Did you end of buying this set up? How did you like it


----------



## lj martin (Sep 26, 2019)

NBRam1500 said:


> Did you end of buying this set up? How did you like it


 I haven't bought it
it was on sale for 1499. 
I saw it and thought that was still too much for what you get.
it is just a square tube frame and a two piece plow - which is all very light weight, if on an SUV or small truck it should work?

But I have rebuilt the meyer that is a light weight plow but much better than the K plow in build. 
[and I already have the E47 meyer plow] it works and is simple to fix
low cost and readily available parts.

the Dodge its on starts easy after some tuning - 
So I will wait and see how it does.
also have the D4 dozer that plows when the storms dumped a lot.

So for now I am waiting to see if that K2 plow might be an option for the future [its a very light weight plow (saw it)]
so if the price is right for what it is, I might buy it and try it.


----------



## NBRam1500 (Nov 22, 2019)

lj martin said:


> I haven't bought it
> it was on sale for 1499.
> I saw it and thought that was still too much for what you get.
> it is just a square tube frame and a two piece plow - which is all very light weight, if on an SUV or small truck it should work?
> ...


I bought one . Just got it mounted on truck. It's actually seems half decent once all together and on the truck. We haven't had a big storm here yet. But I'll be testing it out soon enough


----------



## lj martin (Sep 26, 2019)

NBRam1500 said:


> Did you end of buying this set up? How did you like it


also saw the plow frame might be kinda low to the ground.

that might be fine in the city where its paved.

the hitch/mount on the truck was just below the bumper, which would be fine.
just the plow frame appeared to be a few inches lower. too close to the ground.
that might be a drag?


----------



## lj martin (Sep 26, 2019)

NBRam1500 said:


> I bought one . Just got it mounted on truck.

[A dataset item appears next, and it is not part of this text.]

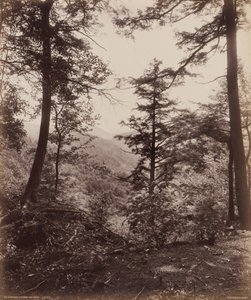 Klipputsikt, genom träden,ca. 1895 (foto)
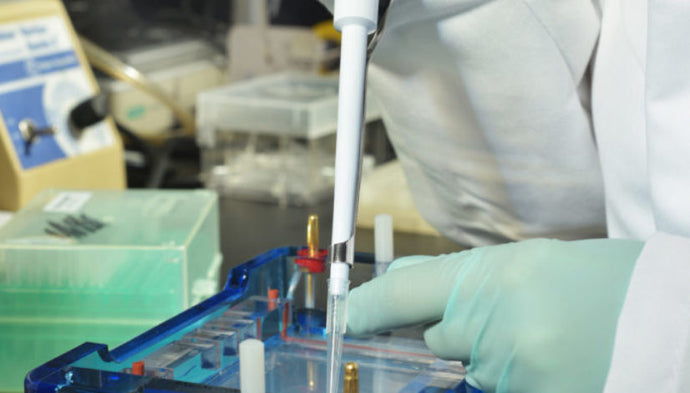 pH and Protein Purification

It's actually seems half decent once all together and on the truck. We haven't had a big storm here yet. But I'll be testing it out soon enough


Hey good to see a person that has bought this D2 plow
it will be nice to see how it works for you.


----------



## NBRam1500 (Nov 22, 2019)

lj martin said:


> Hey good to see a person that has bought this D2 plow
> it will be nice to see how it works for you.


 It does sit low to the ground once mounted 
Putting 2" leveling kit on this week

Will post stock before and after photos as well as with the leveling kit before and after pics


----------



## lj martin (Sep 26, 2019)

looking forward to seeing your pictures.
I have a 2001 GMC 1500 4X4 that might be better than some others (?)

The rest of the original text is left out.